---- RECORD EXTRACTS

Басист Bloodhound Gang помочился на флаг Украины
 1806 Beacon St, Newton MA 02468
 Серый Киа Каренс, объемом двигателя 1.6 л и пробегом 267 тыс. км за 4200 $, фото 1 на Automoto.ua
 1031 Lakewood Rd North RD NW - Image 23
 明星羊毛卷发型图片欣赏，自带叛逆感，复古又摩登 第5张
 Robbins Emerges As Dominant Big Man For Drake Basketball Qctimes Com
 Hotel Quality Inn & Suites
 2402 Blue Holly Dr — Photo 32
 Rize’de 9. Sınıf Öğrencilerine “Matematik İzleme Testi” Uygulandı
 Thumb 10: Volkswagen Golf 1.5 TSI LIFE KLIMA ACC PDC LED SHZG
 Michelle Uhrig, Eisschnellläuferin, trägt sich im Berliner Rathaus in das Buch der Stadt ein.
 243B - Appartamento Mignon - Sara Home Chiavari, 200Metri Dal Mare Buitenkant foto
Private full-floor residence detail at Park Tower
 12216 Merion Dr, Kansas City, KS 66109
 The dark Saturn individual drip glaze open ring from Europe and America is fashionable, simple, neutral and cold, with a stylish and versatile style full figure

--------

→ **PROBLEM DESCRIPTION**
State, as a bare number, how many lines of the material contain "full".

→ **OUTPUT BELOW**
2